Your credibility isn’t just a nice-to-have. When credibility slips, revenue often follows. When grammar errors appear in external communications — a proposal, website, email campaign or social post — they can quietly erode trust. And lost credibility can translate into:

  • Lost leads
  • Reduced engagement
  • Lower conversion rates
  • Missed partnership opportunities

Errors make an audience question: If a company overlooks mistakes in its own messaging, what else might it overlook? And that means real impacts like fewer clicks, shorter time on pages, fewer conversions and more abandoned carts.

Internally, the damage is just as real. When leadership communication is unclear or full of errors, employee confidence declines. 

 

Grammar → trust → engagement → action

 

Grammar Reduces Costly Confusion

As we’ve said, “Grammatical rules are not intended to make a writer’s life difficult. Indeed, they exist to help readers.”

Grammar is about clarity for your readers. This universal set of rules helps us communicate with and understand each other.

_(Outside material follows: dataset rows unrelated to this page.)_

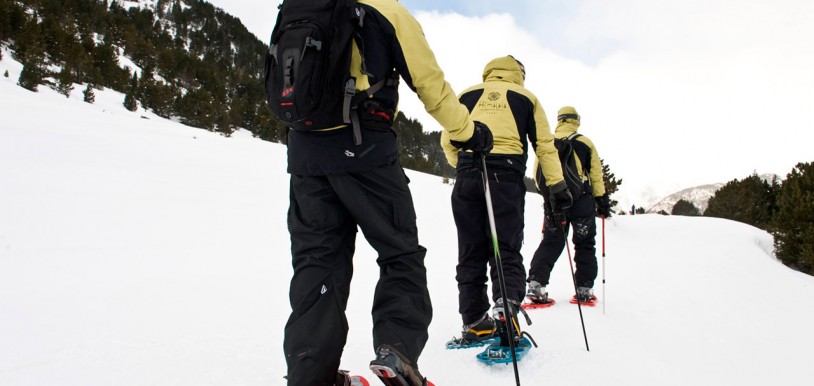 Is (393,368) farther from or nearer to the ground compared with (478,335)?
farther from the ground

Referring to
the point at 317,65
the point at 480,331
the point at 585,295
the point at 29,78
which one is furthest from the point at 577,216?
the point at 29,78

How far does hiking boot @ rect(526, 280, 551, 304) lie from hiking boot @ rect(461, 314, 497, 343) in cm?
185

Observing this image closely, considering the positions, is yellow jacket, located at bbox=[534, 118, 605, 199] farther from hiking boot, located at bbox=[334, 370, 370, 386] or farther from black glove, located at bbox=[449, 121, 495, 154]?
hiking boot, located at bbox=[334, 370, 370, 386]

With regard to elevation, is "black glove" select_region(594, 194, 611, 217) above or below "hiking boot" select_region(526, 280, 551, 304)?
above

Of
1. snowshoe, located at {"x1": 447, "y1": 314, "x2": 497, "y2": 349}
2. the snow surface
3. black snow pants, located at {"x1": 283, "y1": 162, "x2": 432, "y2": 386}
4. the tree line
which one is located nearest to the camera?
black snow pants, located at {"x1": 283, "y1": 162, "x2": 432, "y2": 386}

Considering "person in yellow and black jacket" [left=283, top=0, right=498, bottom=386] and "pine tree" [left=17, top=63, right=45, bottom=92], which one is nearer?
"person in yellow and black jacket" [left=283, top=0, right=498, bottom=386]

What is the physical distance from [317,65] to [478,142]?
101cm

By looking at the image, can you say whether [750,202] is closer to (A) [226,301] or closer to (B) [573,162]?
(B) [573,162]

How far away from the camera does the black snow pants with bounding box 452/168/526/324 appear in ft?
10.0

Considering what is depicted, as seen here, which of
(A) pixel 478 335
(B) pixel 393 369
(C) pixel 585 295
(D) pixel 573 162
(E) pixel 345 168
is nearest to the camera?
(B) pixel 393 369

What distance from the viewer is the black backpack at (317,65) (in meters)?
1.68

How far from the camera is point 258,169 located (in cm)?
1442

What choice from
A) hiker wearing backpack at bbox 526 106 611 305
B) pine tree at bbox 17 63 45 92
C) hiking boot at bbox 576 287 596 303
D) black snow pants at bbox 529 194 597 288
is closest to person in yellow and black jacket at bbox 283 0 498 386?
hiker wearing backpack at bbox 526 106 611 305

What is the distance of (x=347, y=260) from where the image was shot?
197 centimetres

Clarity helps prevent mistakes, which can be expensive. 

Without proper grammar, instructions may be unclear, policies can be confusing, and teams can fail to align. Miscommunication can lead to time wasted on follow-up emails, out-of-control Teams threads and extra meetings to resolve the issue. 

When communicating externally, the results are the same. Time is wasted on clarifying confusion because of prospects who hesitate, partners who request revisions and support teams who must answer extra questions. 

Consider this: If 25 employees each spend just 10 extra minutes per day clarifying unclear emails, policies or instructions, that’s more than 20 hours per week of lost productivity. That doesn’t account for customer churn, legal exposure or reputational damage. That’s just the cost of confusion.

 

From Why to How: What You Can Do

OK, we all agree that grammar is very important. (We do, right?) But now what? How can you improve your internal communication pieces and marketing comms through improved grammar?

  • Build editorial style guides. Style guides aren’t just for your comms teams. These documents provide guidance to anyone in your organization who is writing anything. 
  • Invest in editing tools. Applications like Grammarly can help you catch errors, but remember: These tools still require human judgment.
  • Invest in professional editing. AI and other tools can be incredibly helpful, but a professional editor’s judgment is irreplaceable. They are looking at grammar, assessing the readability impacts of any rule-breaking and considering the reader’s perspective from all angles. (In fact, someone edited the line you’re reading now.)
  • Train teams. Whether you bring an expert in to teach a session, pay for webinar seats or rely on your own internal subject matter experts to run lunch-and-learns, emphasize the importance of grammar by offering ongoing training on a regular basis. 

So, this National Grammar Day, take a moment to reflect on the value of grammar and how to instill a culture of respect for grammar in your organization.